The fact that Amerika has never entered a revolutionary situation is
amazing to say the least. However, it does not mitigate the arrival of
fascism. This country is indeed a police state wherein the political
ascendancy is tied into and protects the interest of the upper class. It
is very much characterized by militarism, imperialism, and racism. By
those very definitions it would be silly for intellectuals to continue
to ponder on the presence of fascism and its shock troops.
Our new “pigs are beautiful” President Donald Trump is trying to reverse
the constitution in order to make Amerikkka an all-white nation as the
“Founding Fathers” intended for it to be. But in determining this
birthright claim, does this not automatically push out the European
colonial master? This would seem to be a true statement, but if we look
at fascist predatory culture, it shows that anything of any great value
that ever traded hands between the Europeans was taken by a force of
arms. History in itself is indeed economically-motivated class struggle.
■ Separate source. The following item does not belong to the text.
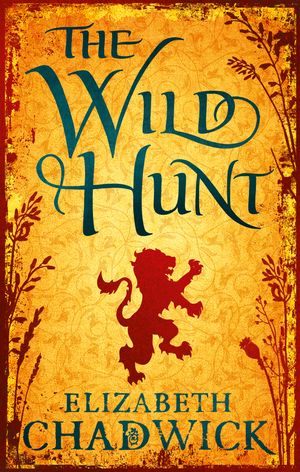 Cover Art for 9780751540260, The Wild Hunt by Elizabeth Chadwick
We also have the situation of Mexico being seen as a villain of white
Amerikkka to glean from. This is the same stance that the earlier
Europeans used to justify the extermination of the Indians and the
racist attacks against black brothers and sisters who had already
suffered the worst form of slavery in history.
There is much truth in your analysis. However, some truths have been
mitigated or omitted to fit your contention. The earlier vanguard
party’s insistence to only beg for tokens, or to beg for an expansion of
the system to include all of us, even after numerous failed attempts,
clearly shows their ignorance of the capitalist masters. In a
capitalistic society, there must always be an upper, middle, and
especially lower class. Asking the government to make certain areas
better is the equivalent of making other segments of society a ghetto
(poor whites, Asians Amerikans, etc.). This environment is all about
winners and losers, which furthers the individualism that destroys
trust.
The fact that the vanguard parties rallied around such issues as women’s
rights, prisoners’ rights, etc. should not be ignored. However, those
rights are still virtually ignored. Women still do not enjoy the same
rights as men (i.e. #MeToo), and the prison industrial complex is still
part of the imperialist plan to use our bodies as sources of cheap raw
materials to build and expand capital. The 13th Amendment even legalizes
slavery in the event that one commits a crime. So yes, Amerika is a
fascist country. They use the argument of being “humane imperialists,
enlightened fascists.” The vanguard parties, instead of pushing for
judicial redress which once again failed, should have ushered the
populace to go to war against the capitalist masters. Anything less than
that is reform.
MIM(Prisons) responds: It’s unclear if this author is arguing
that the United $tates has been fascist from the start. Or if there is a
change we are seeing recently that marks a new fascist government. The
former is an interesting argument. This comrade agrees that imperialism
and militarism are part of fascism. And from that basis, one could argue
that the genocidal foundations of Amerika look at lot like “the open
terroristic dictatorship of the most reactionary, most chauvinistic, and
most imperialist elements of finance capital” as Dutt defined fascism.
[See intro article]
But we make a distinction between the repression of imperialism against
oppressed nations, a feature of the brutality of imperialism, and the
terroristic dictatorship of fascist imperialism. This is important
because of the strategic implications. If the United $tates has been
fascist from foundation, during World War II we would have to argue that
the United $tates was not a potential ally in the fight against Hitler’s
Germany. History does not support this interpretation.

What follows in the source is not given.